| How to complete this task |
Whatever the records say, set them down exactly.

| Input material |
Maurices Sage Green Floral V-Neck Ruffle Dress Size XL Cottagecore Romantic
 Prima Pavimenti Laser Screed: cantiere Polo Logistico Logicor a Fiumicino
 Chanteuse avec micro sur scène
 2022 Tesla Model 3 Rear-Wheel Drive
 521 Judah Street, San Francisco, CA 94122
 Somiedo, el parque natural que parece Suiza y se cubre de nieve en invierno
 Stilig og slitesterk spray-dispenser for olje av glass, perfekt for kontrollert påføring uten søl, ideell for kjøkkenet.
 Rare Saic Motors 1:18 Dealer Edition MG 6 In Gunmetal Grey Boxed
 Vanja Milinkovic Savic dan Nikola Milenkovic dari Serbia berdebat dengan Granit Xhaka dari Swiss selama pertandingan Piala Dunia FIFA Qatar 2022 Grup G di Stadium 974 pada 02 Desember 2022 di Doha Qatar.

| Exercise output |
Maurices Sage Green Floral V-Neck Ruffle Dress Size XL Cottagecore Romantic
 Prima Pavimenti Laser Screed: cantiere Polo Logistico Logicor a Fiumicino
 Chanteuse avec micro sur scène
 2022 Tesla Model 3 Rear-Wheel Drive
 521 Judah Street, San Francisco, CA 94122
 Somiedo, el parque natural que parece Suiza y se cubre de nieve en invierno
 Stilig og slitesterk spray-dispenser for olje av glass, perfekt for kontrollert påføring uten søl, ideell for kjøkkenet.
 Rare Saic Motors 1:18 Dealer Edition MG 6 In Gunmetal Grey Boxed
 Vanja Milinkovic Savic dan Nikola Milenkovic dari Serbia berdebat dengan Granit Xhaka dari Swiss selama pertandingan Piala Dunia FIFA Qatar 2022 Grup G di Stadium 974 pada 02 Desember 2022 di Doha Qatar.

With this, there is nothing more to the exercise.